Judicial panels hearing cases before the new UK Supreme Court should be picked at random rather than by the opaque procedure used by the House of Lords, a leading silk suggested this week. Lord David Pannick QC criticised the current system under which even Law Lords themselves do not know why they are picked, and said whatever procedure the new court adopts has to be open and transparent to command public confidence and respect.

The current Law Lords will be the first justices of the 12-member court, but how many of them will sit on each case has yet to be determined.

The conference, held at the Law Society, followed a series of seminars held under the Chatham House rule in which members of the judiciary, academics and legal practitioners discussed the working of the new court.

Lord Phillips, Senior Law Lord, who will become president of the court when it opens in October 2009, suggested the retirement age for Supreme Court judges should not be 70 but 75, to ensure some of the most able and experienced judges are able to be appointed to the Supreme Court.

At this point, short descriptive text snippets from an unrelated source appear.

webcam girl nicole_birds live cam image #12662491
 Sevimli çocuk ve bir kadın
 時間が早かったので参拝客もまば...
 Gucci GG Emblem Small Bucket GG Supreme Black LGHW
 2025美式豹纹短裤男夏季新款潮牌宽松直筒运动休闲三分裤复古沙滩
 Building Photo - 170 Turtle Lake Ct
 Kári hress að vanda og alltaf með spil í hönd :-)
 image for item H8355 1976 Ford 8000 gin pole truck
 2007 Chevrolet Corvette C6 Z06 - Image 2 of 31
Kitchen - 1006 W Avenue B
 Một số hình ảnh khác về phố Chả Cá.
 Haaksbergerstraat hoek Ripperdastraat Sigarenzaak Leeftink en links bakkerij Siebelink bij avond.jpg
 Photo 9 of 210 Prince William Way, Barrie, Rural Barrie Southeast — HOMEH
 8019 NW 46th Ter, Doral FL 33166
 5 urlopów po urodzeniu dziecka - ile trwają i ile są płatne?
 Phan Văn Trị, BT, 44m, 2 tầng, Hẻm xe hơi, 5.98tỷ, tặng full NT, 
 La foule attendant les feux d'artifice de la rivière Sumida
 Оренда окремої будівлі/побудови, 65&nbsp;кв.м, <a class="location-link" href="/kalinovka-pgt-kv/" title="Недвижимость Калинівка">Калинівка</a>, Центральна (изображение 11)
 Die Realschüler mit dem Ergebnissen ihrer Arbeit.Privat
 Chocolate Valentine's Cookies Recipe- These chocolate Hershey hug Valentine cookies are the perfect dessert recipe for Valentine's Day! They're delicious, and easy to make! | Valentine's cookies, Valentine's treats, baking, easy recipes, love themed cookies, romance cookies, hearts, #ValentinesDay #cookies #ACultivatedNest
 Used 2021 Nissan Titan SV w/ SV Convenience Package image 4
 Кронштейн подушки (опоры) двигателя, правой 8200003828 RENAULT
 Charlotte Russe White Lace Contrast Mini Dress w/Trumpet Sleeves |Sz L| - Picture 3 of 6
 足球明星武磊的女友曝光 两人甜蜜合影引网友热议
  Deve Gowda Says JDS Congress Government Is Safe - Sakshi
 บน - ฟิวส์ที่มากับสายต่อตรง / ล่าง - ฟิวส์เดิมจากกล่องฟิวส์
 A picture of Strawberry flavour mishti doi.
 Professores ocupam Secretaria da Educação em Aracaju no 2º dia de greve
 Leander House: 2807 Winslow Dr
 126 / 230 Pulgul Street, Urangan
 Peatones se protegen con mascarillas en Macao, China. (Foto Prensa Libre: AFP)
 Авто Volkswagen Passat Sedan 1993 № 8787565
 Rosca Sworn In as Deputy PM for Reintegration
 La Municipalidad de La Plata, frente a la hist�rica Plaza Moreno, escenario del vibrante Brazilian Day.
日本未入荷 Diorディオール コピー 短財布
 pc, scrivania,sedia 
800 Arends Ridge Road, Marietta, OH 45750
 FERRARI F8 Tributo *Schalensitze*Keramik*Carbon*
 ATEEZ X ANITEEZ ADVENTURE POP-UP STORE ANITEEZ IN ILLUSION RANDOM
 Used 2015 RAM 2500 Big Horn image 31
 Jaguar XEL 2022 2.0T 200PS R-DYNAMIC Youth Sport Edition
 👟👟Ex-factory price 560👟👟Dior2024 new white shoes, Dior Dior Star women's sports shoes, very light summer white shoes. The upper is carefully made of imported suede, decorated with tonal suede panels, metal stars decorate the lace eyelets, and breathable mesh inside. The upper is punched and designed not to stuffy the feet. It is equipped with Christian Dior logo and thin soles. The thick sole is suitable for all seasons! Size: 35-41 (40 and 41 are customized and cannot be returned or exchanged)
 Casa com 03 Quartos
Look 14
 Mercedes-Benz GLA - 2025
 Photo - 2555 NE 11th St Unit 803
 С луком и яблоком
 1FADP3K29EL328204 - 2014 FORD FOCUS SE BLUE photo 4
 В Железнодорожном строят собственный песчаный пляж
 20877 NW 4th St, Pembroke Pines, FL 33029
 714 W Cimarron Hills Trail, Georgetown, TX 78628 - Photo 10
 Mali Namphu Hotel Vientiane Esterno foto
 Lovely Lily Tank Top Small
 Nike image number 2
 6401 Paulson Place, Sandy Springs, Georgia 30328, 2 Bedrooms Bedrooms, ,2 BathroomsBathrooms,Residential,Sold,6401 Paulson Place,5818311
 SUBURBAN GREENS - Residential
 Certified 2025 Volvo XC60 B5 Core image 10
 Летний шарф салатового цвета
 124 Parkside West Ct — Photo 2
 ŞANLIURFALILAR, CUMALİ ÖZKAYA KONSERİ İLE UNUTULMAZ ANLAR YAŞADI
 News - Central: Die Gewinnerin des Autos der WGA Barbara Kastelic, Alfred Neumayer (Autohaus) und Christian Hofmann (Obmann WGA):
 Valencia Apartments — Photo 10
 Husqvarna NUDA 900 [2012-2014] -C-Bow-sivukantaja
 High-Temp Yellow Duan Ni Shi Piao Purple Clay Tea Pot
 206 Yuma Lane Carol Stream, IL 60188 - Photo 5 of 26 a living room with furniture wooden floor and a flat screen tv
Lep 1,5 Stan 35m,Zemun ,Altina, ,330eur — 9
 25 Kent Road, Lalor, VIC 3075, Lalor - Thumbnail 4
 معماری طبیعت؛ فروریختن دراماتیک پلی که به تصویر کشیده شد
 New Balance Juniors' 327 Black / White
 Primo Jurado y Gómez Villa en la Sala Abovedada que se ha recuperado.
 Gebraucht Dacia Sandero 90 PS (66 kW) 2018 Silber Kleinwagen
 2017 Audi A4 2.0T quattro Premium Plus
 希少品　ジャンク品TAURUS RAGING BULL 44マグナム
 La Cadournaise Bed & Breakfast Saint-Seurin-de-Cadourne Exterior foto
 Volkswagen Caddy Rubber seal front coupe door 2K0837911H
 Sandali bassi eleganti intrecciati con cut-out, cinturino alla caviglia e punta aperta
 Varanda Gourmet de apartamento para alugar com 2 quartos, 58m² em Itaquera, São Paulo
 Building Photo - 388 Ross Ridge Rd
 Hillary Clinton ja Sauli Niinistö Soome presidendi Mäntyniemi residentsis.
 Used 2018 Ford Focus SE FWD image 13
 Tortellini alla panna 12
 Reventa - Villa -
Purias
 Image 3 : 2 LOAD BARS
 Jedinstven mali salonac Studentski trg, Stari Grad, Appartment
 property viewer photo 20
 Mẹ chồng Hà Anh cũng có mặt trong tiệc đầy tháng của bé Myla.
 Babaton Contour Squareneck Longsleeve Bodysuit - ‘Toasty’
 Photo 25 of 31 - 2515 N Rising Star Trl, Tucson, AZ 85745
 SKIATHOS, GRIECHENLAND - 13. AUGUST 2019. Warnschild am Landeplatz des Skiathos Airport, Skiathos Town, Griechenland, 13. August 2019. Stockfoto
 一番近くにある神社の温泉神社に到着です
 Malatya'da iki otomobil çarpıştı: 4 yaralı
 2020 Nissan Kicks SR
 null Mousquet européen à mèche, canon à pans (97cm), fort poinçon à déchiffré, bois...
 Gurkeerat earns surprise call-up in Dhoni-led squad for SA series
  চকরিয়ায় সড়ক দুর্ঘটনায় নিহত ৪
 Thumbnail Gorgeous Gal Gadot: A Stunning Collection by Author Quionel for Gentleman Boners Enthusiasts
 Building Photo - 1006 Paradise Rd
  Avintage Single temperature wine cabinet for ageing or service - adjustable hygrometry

The new court, on the site of the former Middlesex Guildhall Crown Court, will be the final court of appeal in the UK, hearing cases from Northern Ireland and the Court of Session in Scotland as well as from England and Wales. The rules for permission to appeal will remain largely unchanged, leaving the court free to pick cases with a ‘wider element of public interest’ that currently go to the Lords.

Its official emblem, unveiled this week, combines four heraldic elements reflecting the three jurisdictions of the United Kingdom. Lord Hope of Craighead, chairman of the Law Lords sub-committee for the Supreme Court, said the emblem reflects the importance of the place that the Supreme Court will occupy in the constitution of the UK.

‘All four nations are equally represented in the design, and it is embraced by a symbol, which is both Libra, symbolising the scales of justice, and omega, symbolising finality,’ he said.